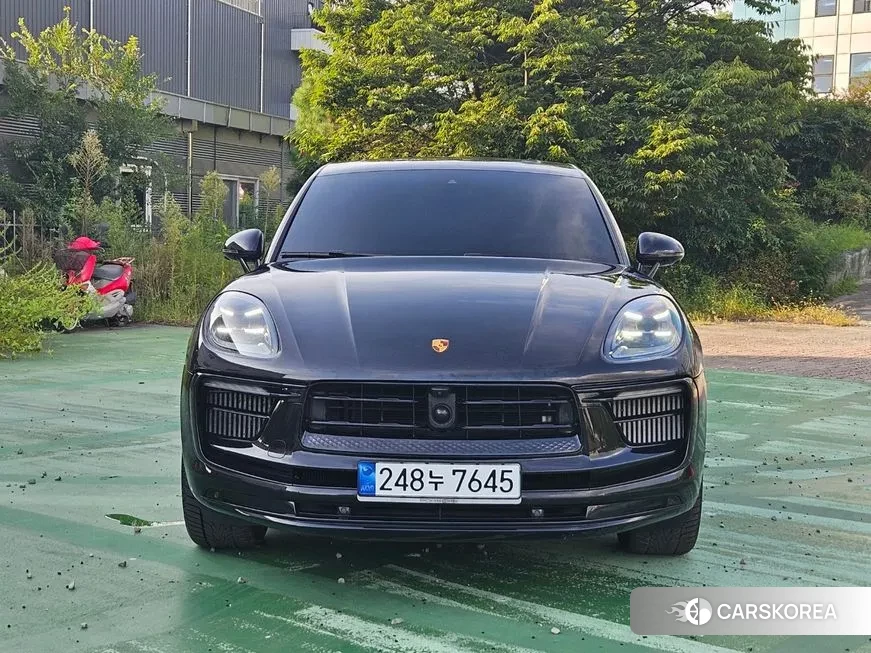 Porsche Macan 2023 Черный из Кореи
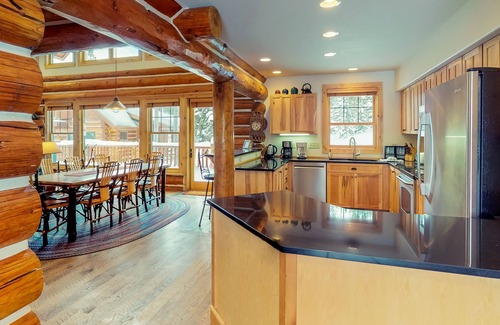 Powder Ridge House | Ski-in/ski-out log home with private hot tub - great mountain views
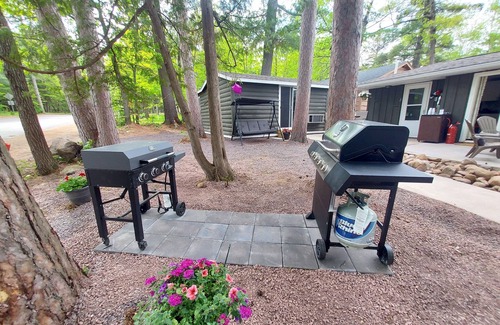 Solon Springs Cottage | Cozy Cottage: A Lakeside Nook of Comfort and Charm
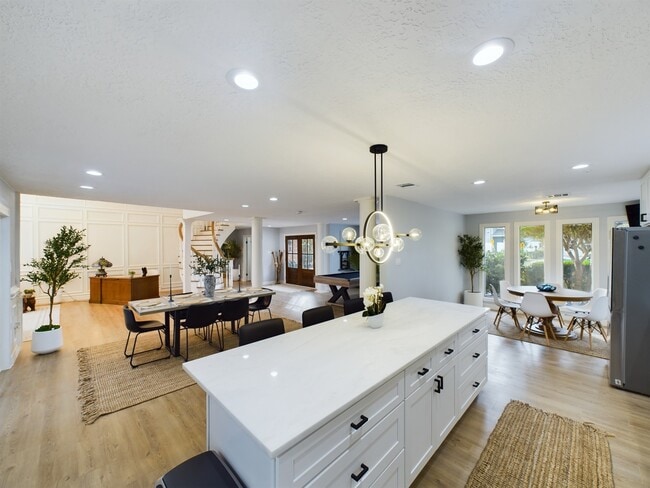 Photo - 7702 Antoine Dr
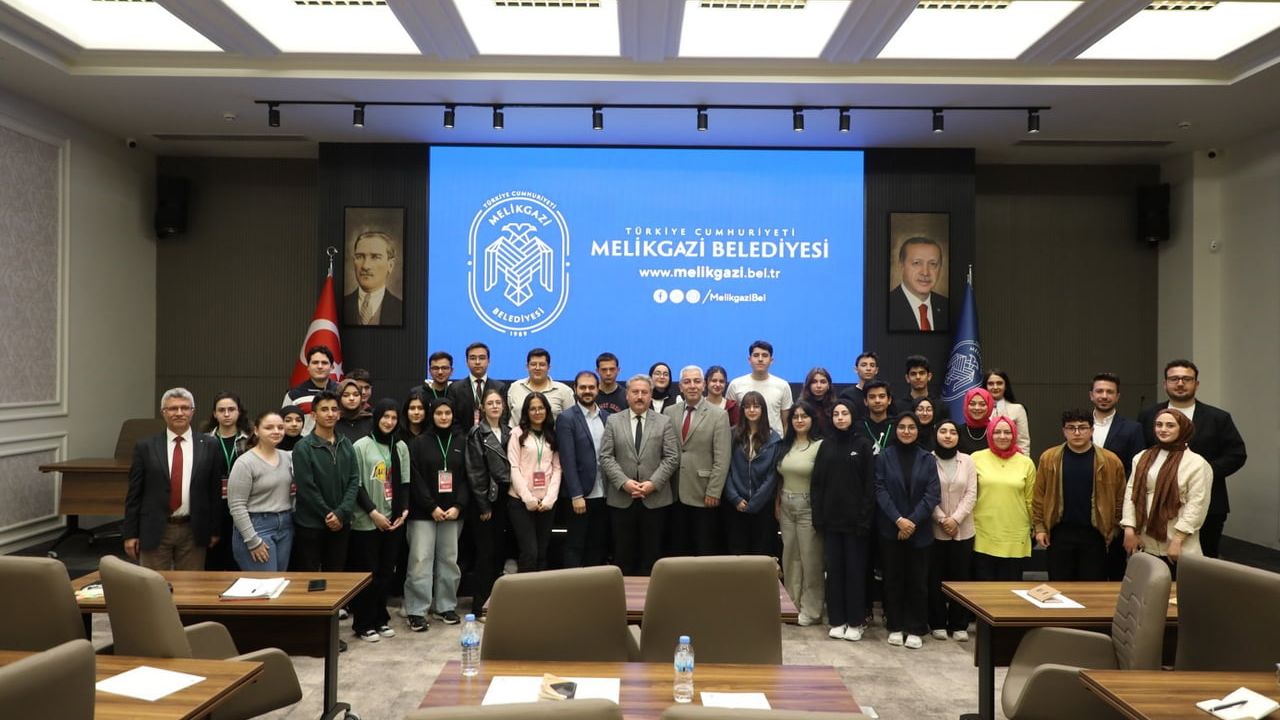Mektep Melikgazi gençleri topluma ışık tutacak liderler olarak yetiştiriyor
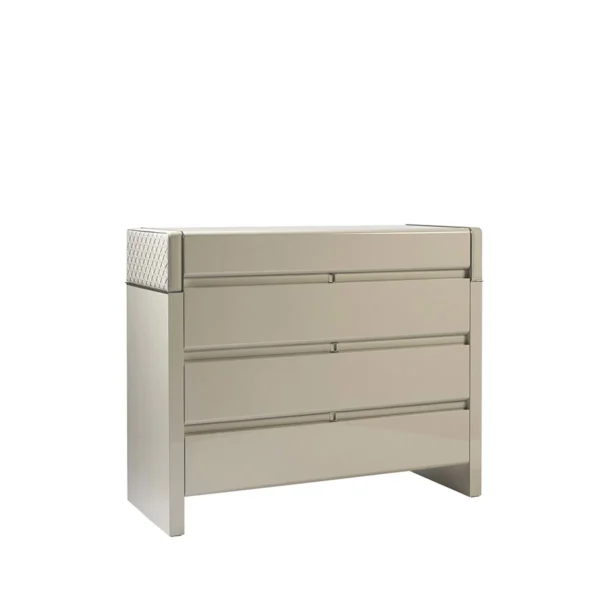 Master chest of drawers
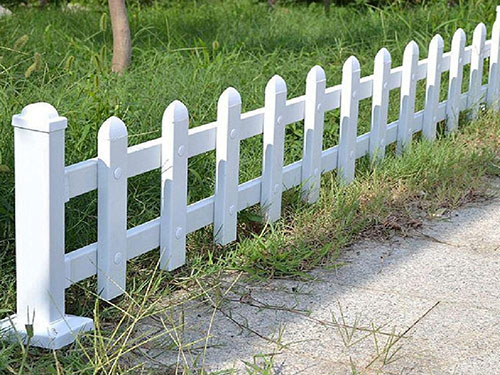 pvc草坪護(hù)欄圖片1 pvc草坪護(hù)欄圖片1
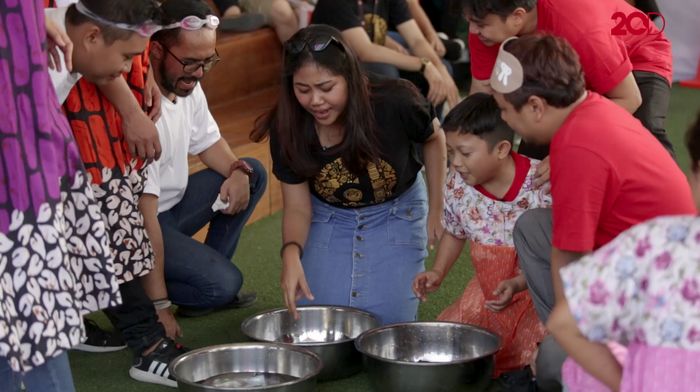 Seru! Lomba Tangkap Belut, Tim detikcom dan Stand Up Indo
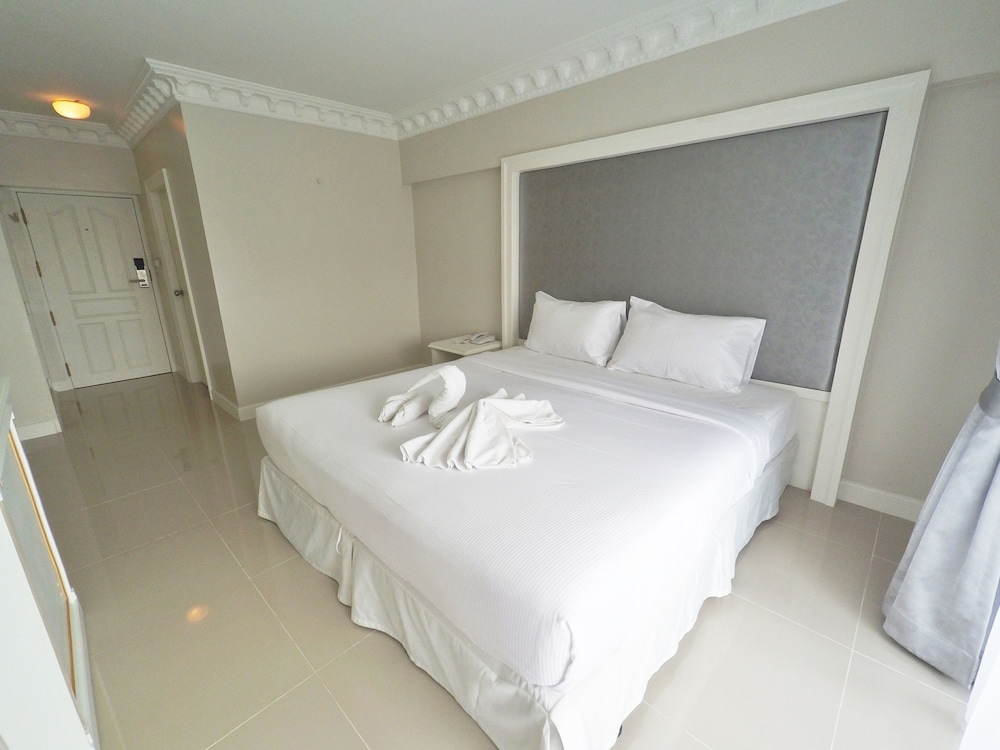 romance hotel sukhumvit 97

==

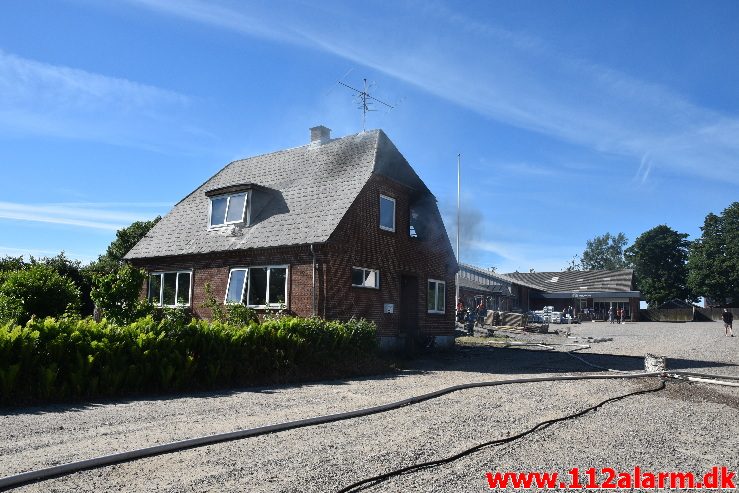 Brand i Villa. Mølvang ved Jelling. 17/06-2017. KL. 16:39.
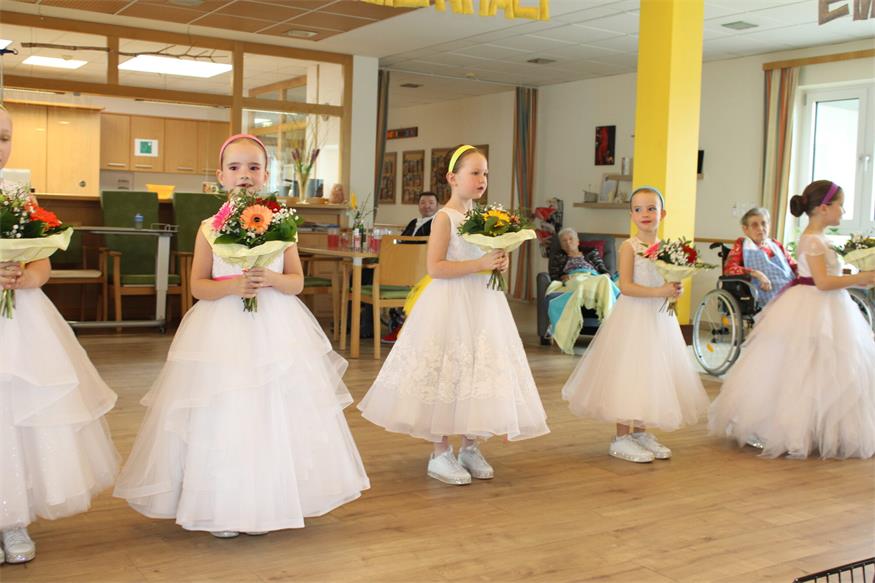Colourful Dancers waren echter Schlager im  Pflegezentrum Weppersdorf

...

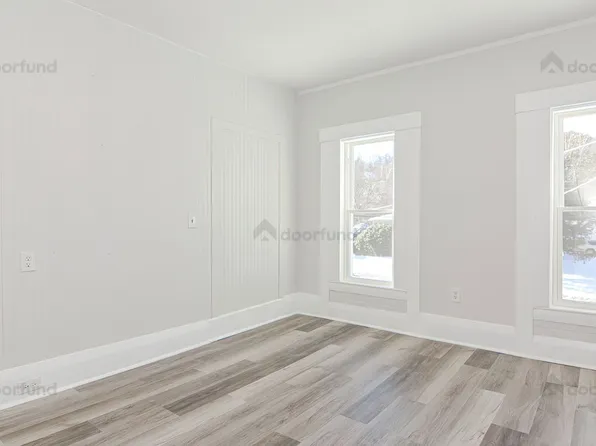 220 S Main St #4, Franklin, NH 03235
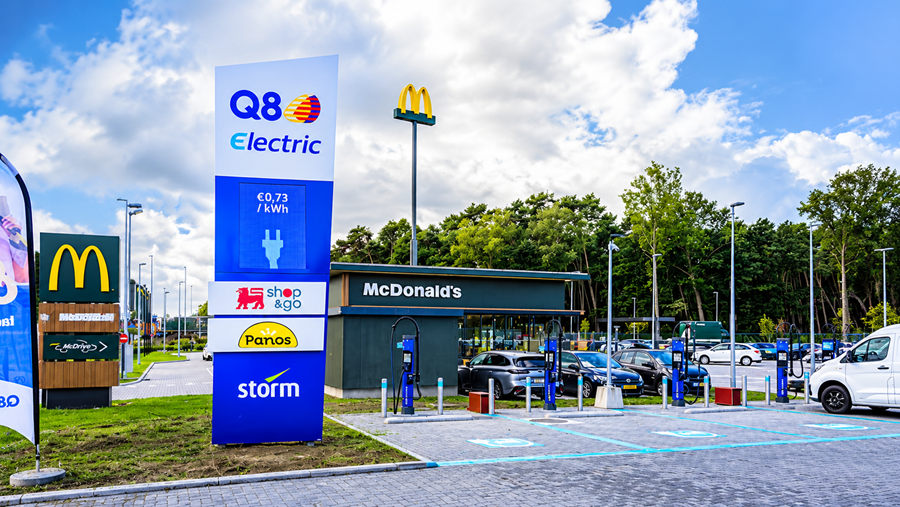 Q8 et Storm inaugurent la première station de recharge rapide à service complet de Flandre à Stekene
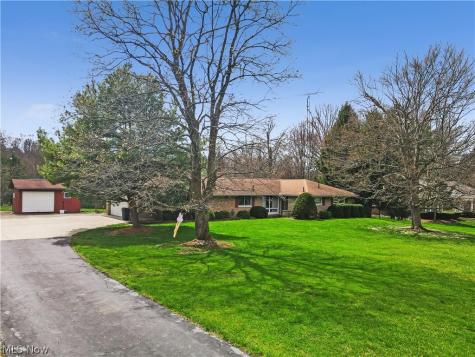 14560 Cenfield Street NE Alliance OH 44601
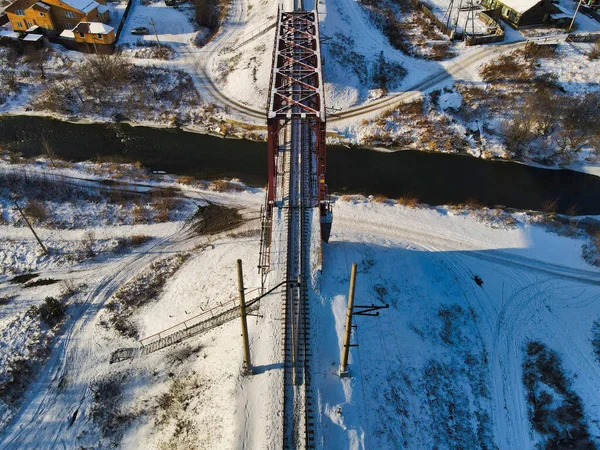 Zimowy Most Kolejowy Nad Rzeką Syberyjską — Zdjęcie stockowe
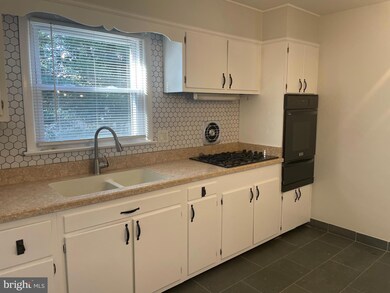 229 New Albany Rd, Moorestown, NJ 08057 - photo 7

▶ [Problem to work on] With the pictures left out, write out exactly the lines above from the one containing "Solon Springs Cottage" through the one containing "romance hotel sukhumvit 97".

▶ [Solution for this task]
 Solon Springs Cottage | Cozy Cottage: A Lakeside Nook of Comfort and Charm
 Photo - 7702 Antoine Dr
Mektep Melikgazi gençleri topluma ışık tutacak liderler olarak yetiştiriyor
 Master chest of drawers
 pvc草坪護(hù)欄圖片1 pvc草坪護(hù)欄圖片1
 Seru! Lomba Tangkap Belut, Tim detikcom dan Stand Up Indo
 romance hotel sukhumvit 97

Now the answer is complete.